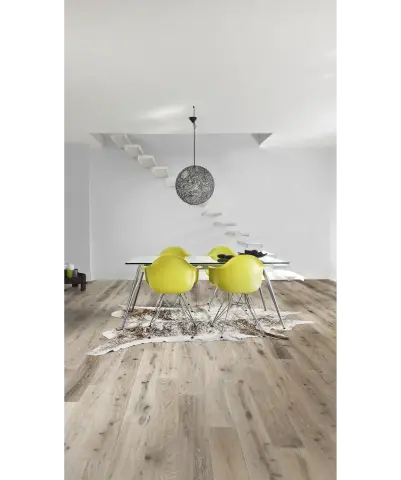 Oak Oyster view 2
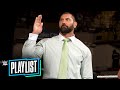 1 hour of WWE Superstars quitting out of nowhere: WWE Playlist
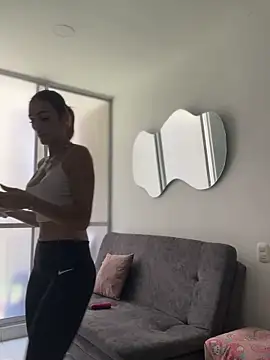 Samantha bigboobs online show from 09-26-25, 04:25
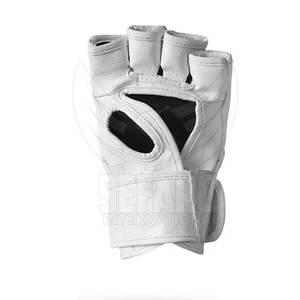 Equipo de Entrenamiento, Guantes de Boxeo MMA de Alta Calidad, Guantes Deportivos MMA, MOQ Bajo - Product Image 5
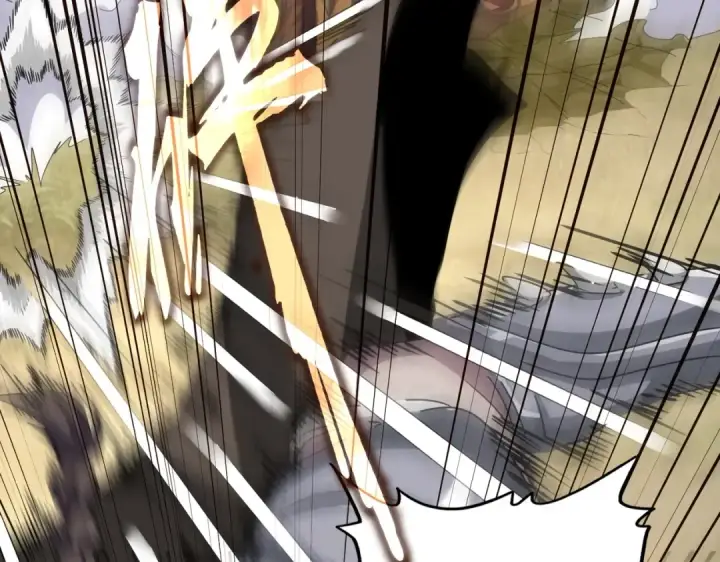 漫画《魔皇大管家》第505话 挑衅第49张图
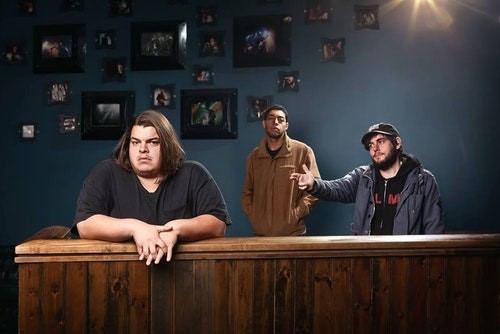 Forever Came Calling debut video for ‘WISH’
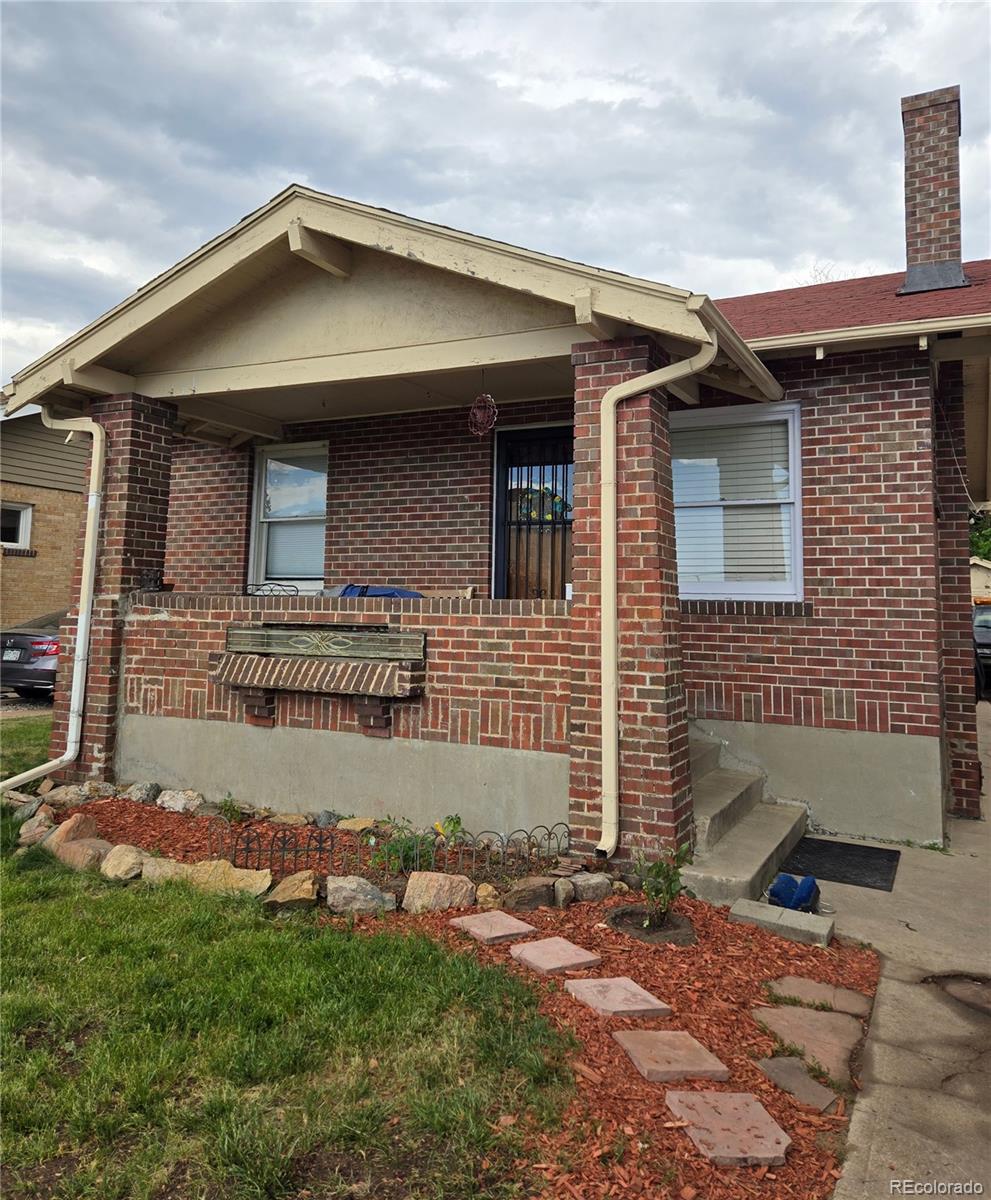 2034 S Lincoln Street, Denver CO 80210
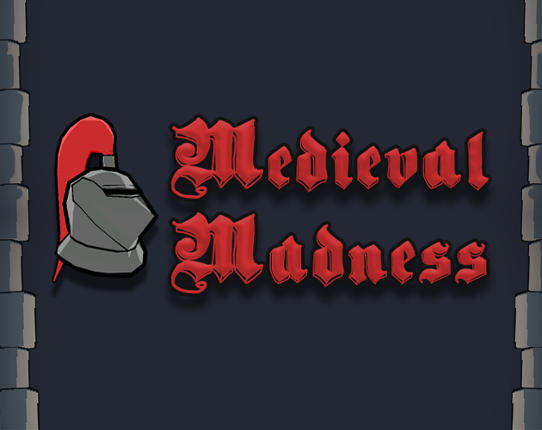 Medieval Madness Game Cover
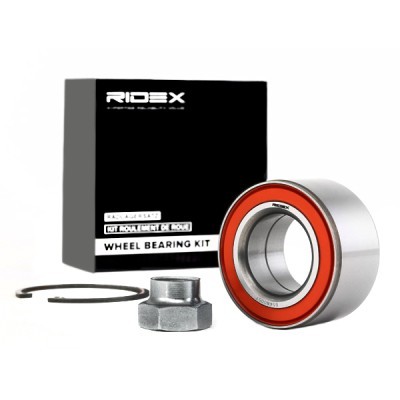 Łożysko Koła RIDEX 654W0057 654W0057 - foto 2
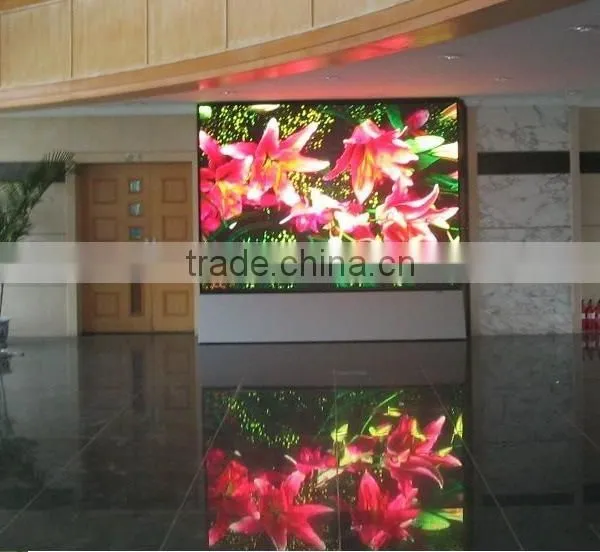 Indoor Led Display Led tv Display Panel P10 Led Display photo-4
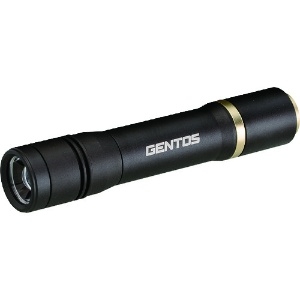 GENTOS 【生産完了品】パワーバンク機能搭載充電式高出力LEDハンディライト RX-086PS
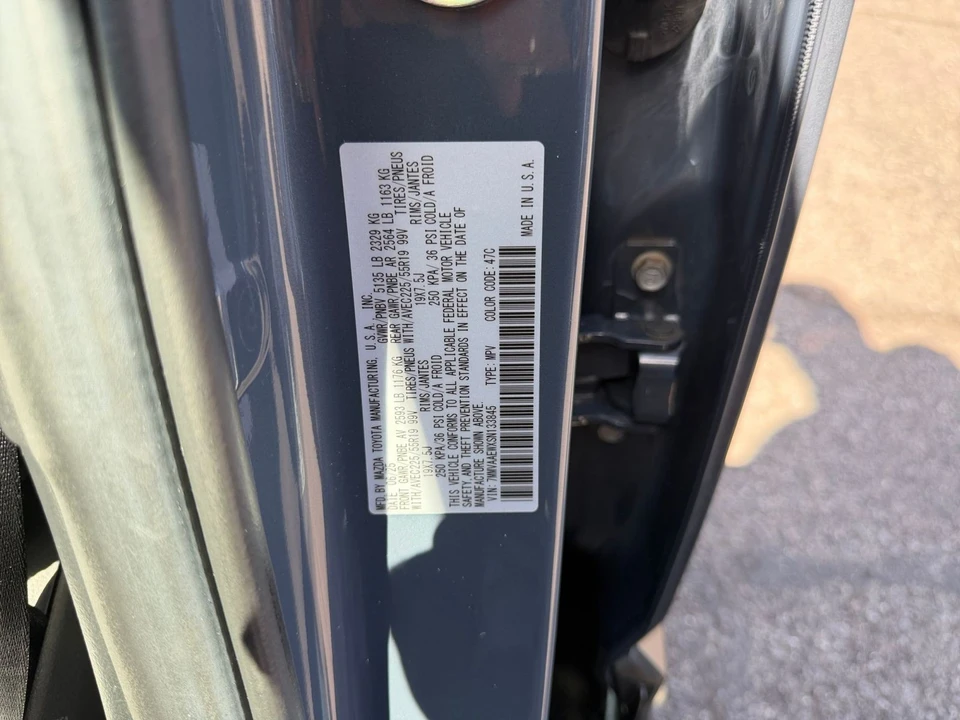 2025 Mazda CX-50 - Image 27 of 31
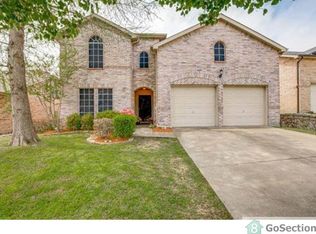 3705 Red Start Dr, Mesquite, TX 75181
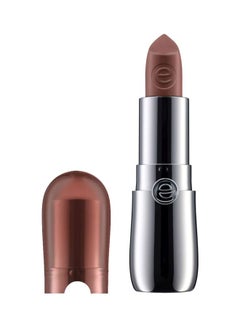 Colour Up! Shine Up! Cream Lipstick 04 Fudgesicle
..............................
Task goal: Output the material above exactly, without pictures.

Answer for this exercise:
 Oak Oyster view 2
 1 hour of WWE Superstars quitting out of nowhere: WWE Playlist
 Samantha bigboobs online show from 09-26-25, 04:25
 Equipo de Entrenamiento, Guantes de Boxeo MMA de Alta Calidad, Guantes Deportivos MMA, MOQ Bajo - Product Image 5
 漫画《魔皇大管家》第505话 挑衅第49张图
 Forever Came Calling debut video for ‘WISH’
 2034 S Lincoln Street, Denver CO 80210
 Medieval Madness Game Cover
 Łożysko Koła RIDEX 654W0057 654W0057 - foto 2
 Indoor Led Display Led tv Display Panel P10 Led Display photo-4
 GENTOS 【生産完了品】パワーバンク機能搭載充電式高出力LEDハンディライト RX-086PS
 2025 Mazda CX-50 - Image 27 of 31
 3705 Red Start Dr, Mesquite, TX 75181
 Colour Up! Shine Up! Cream Lipstick 04 Fudgesicle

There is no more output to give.